• PROBLEM REQUIREMENTS:
Go through the records and copy each line where the word "Silver" occurs.

• Stored items:
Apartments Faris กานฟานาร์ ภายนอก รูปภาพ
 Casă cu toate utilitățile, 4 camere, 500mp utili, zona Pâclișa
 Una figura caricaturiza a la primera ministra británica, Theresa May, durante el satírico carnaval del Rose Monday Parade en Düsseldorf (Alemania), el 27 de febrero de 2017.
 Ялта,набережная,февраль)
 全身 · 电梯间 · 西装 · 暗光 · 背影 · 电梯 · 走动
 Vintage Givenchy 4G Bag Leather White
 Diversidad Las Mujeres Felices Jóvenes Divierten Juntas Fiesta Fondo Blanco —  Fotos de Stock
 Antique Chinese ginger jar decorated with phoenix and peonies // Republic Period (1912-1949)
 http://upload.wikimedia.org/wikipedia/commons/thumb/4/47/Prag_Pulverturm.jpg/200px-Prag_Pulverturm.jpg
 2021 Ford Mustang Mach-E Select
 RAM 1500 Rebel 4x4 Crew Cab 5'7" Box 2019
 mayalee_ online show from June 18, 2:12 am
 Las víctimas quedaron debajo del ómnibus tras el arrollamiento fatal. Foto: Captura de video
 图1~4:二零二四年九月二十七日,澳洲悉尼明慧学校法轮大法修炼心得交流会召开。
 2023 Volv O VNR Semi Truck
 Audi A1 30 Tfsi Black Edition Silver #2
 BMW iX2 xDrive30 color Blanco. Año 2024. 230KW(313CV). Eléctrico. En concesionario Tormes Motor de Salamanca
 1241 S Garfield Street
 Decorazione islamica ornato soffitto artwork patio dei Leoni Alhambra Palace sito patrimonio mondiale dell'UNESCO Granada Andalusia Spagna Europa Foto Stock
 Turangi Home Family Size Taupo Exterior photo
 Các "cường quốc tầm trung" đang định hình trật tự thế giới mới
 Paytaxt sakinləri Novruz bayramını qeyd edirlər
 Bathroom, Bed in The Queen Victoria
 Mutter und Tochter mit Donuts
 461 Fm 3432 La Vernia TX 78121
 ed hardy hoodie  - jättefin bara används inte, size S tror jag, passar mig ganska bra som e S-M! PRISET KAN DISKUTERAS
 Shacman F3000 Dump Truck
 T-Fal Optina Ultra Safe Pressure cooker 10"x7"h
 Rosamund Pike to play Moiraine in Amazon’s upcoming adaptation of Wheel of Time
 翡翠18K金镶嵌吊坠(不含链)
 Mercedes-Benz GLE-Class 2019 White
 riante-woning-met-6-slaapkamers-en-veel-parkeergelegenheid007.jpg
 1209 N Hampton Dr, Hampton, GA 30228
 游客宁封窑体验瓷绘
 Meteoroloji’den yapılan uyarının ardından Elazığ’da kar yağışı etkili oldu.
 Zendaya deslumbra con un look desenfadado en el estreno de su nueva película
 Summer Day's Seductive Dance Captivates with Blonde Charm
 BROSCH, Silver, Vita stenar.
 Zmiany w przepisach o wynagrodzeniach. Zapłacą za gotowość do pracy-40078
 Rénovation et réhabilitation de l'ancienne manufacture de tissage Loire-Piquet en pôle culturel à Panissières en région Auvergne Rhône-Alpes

• TASK RESULT:
 Audi A1 30 Tfsi Black Edition Silver #2
 BROSCH, Silver, Vita stenar.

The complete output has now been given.